A non-profit educational foundation created for the purpose of preserving Native American artifacts, art, and culture.
A non-profit educational foundation created for the purpose of preserving Native American artifacts, art, and culture.

3 July 2023; Visitor Question on Cypress

We often say at the admission counter to “let us know if you have any questions”, and it brightens our day when folks take us up on the offer. The other day we had a young man ask a question that we weren’t quite sure of. We enthusiastically assured him we’d look into his quandary and dedicate a Museum Monday post to the answer!

“I heard that the waterways mainland are dark because of the tannins from the cypress trees lining the banks. If there were cypress on the island, would the sound have been brown because of the tannins or no because of the connection with the ocean?”
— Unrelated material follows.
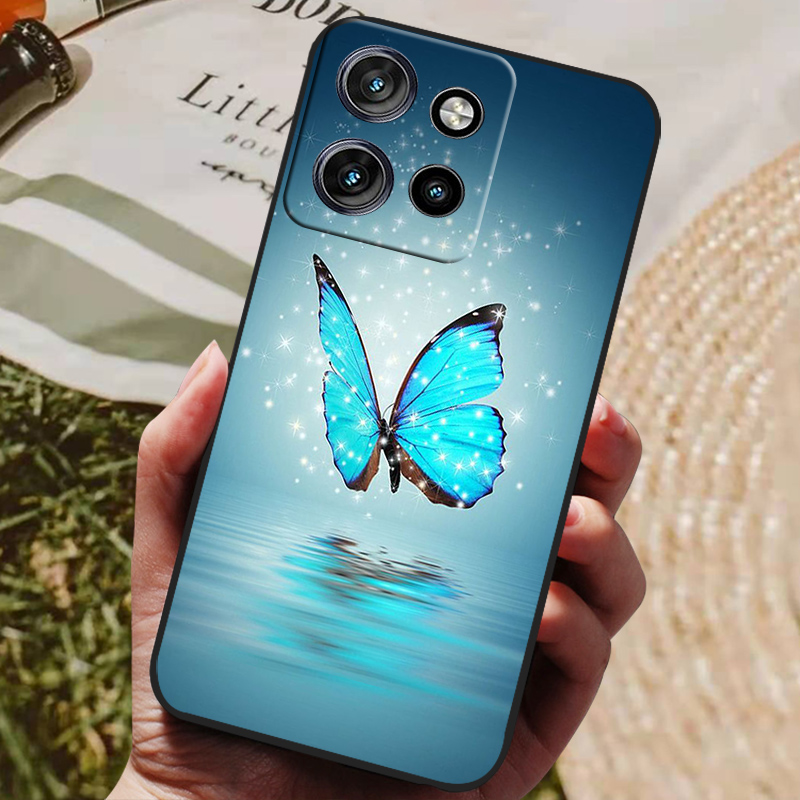 For Motorola Edge 60 Neo Case  - Phone Cases Moto G 2025 recension och pris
After asking a number of knowledgeable contacts as well as some searching of our own, we are happy to say that all responses led to the same general conclusions.

We’ll take this in a few steps. We know the island had more cypress trees from early reports that were written as well as the stumps that used to be more common along the shoreline. We know Hatteras as well as the sound have shifted in size as well as salinity over the ages, which (along with logging) impacted whether cypress trees would thrive.
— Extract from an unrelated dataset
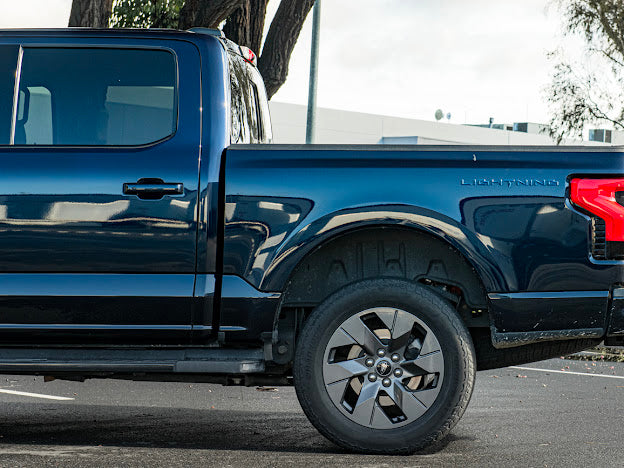 2022-UP FORD F-150 LIGHTING | TAILGATE REAR SPOILER WING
However, there are several places in just North Carolina where bodies of water are sounded by cypress and quite clear, such as Lake Phelps. So now we come to the questions of is the tannins in cypress causing brown waters and what makes the difference?

While tannins are found in tree bark, they’re also found in decaying plant matter. If you think about how dark the water in a deep puddle can get if it’s full of fall leaves? That’s tannins as well! This also means that it’s more likely that the waters are dark not from the cypress alone, but in areas where the water is slow moving and full of decaying vegetation. This would allow the tannins to leak, similar to how we brew tea just in a grand Mother Nature scale.

So where does this leave us? We know that post colonization, the island has shifted shape and size and the sound has shifted in its salinity content. This means that likely before European contact, the island was still in constant flux as well as the flow of water. So we can make an educated guess that if there were little coves that caught vegetation in the roots of cypress along the sound, that there could have been locations that were indeed more brown. The bending to the original question would be that it was not directly from the cypress alone; it was a cascade of different elements coming together to form the necessary circumstances in order for decaying plant matter, water movement, and cypress roots to work together. However, as most of the sound is constantly moving due to the connection with the ocean, it’s unlikely the whole of it was ever dark due to the tannins.